Experienced Software Architect with completed projects on a wide range of platforms including online systems, multi-core high performance SOCs, and resource-constrained low cost microcontrollers
Looking to develop flexible efficient products with high reliability and low cost of maintenance, working both independently and within a team environment as required.
A company my wife and I established in 2008 to sell children's clothing on Wholesale and Retail websites. Turnover is growing steadily, and we have launched redesigned websites written in PHP, leveraging AJAX interactivity and performance optimizations including MySQL query caching and an NGINX veneer for static content delivery.
The new system reduces dramatically the workload and level of expertise required to run the business day to day, so I am looking for fresh challenges.
I am currently providing course leadership for ARM Processor training classes for Doulos Ltd on a contract basis, and I am providing architectural and software development leadership for a small startup company that is using Node.js and MongoDB for live data sharing and update across multiple client sites, with robust data recovery and offline working for unreliable internet access situations.
Provided guidance for Callfinity's re-architecting effort to ensure that their new code base will be easier to maintain and extend than their legacy VOIP product.
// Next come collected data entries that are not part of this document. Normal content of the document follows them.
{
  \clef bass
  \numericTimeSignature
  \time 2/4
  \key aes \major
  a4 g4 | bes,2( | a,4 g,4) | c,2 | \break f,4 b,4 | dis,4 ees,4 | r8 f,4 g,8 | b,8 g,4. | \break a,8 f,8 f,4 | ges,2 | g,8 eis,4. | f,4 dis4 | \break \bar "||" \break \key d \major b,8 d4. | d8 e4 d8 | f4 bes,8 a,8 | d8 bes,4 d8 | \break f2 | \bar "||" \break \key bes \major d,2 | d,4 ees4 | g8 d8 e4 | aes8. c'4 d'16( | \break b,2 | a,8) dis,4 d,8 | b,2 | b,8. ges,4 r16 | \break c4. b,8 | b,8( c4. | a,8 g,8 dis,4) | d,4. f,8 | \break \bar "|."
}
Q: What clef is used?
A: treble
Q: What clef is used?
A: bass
Provided a system-wide perspective for some excellent engineers who had formerly been entirely focused on just the features they had been developing. Established component boundaries and clean interfaces.
Wrote the central call queuing component in Erlang, integrating an innovative call-aging priority scheme.
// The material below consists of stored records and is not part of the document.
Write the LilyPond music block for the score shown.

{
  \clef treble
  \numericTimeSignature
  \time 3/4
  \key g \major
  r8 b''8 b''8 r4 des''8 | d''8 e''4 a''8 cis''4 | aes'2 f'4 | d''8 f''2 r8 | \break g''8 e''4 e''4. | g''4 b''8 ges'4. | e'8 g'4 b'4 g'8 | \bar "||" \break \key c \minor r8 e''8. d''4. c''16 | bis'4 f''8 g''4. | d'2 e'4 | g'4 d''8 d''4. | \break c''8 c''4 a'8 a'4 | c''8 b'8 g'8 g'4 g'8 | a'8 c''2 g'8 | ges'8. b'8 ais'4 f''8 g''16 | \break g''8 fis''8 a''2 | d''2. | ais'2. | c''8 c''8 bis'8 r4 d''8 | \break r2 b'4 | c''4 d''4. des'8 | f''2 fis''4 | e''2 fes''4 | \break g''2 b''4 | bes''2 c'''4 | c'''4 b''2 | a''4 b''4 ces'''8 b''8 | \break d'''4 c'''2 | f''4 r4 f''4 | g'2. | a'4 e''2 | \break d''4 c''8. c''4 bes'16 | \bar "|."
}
A three-month contract was extended to three years as a contractor, then a further five years as an employee. I was recommended to WD by ARM Ltd as an in-house/on-call ARM processor expert when WD started developing their first ARM Powered Hard Disk Drive.
Rewrote WD's servo positioning code to give a 5x speedup with increased filtering; both original and replacement code was written in ARM966 assembler. This was a key metric that convinced WD that the ARM drive was feasible, and resulted in the immediate hiring of over thirty engineers.
Worked across multiple departments and drive programs to optimize code and mentor in good engineering practices; all Western Digital hard disk drives manufactured in the past six years (and many earlier drives) contain my code.
Part of a team of four architects who designed WD's next-generation firmware framework. Used in Western Digital's first enterprise SAS drive.
Taught approximately thirty three-day and four-day ARM software and hardware training classes; provided independent competitive analysis and benchmarking for ARM Ltd; Assisted Sharp, HP, Western Digital and technology startups with ARM system expertise.
Developed a program that turned a textual description of a memory map into a binary Memory Management Unit control table set. This tool was purchased by ARM and is still distributed with their development tools.
ARM's first software engineer in their then-new Consulting Services department. I was responsible for providing software components and advice to OEMs and semiconductor partners as a paid service.
My role was 50% commercial and 50% technical; as the Software Consulting business grew to a pool of 40 available engineers, my role transitioned to developing work specifications, negotiating consulting contracts and selecting and managing teams to carry out consulting projects.
Harlow Technical College, UK
Education and work experience adjudicated in 2002 by City University of NY to be the equivalent of a BSc in Computer Science including 6 years University attendance.
Ongoing self-education in the many aspects of computer science that interest me. I evaluate new programming languages, libraries and frameworks on a regular basis, for example I experimented with erlang before I had the opportunity to use it at Callfinity and I am currently learning Python by using it for simple utilities. I am particularly interested in developing techniques to simplify multi-threaded distributed programming for traditional linear software engineers.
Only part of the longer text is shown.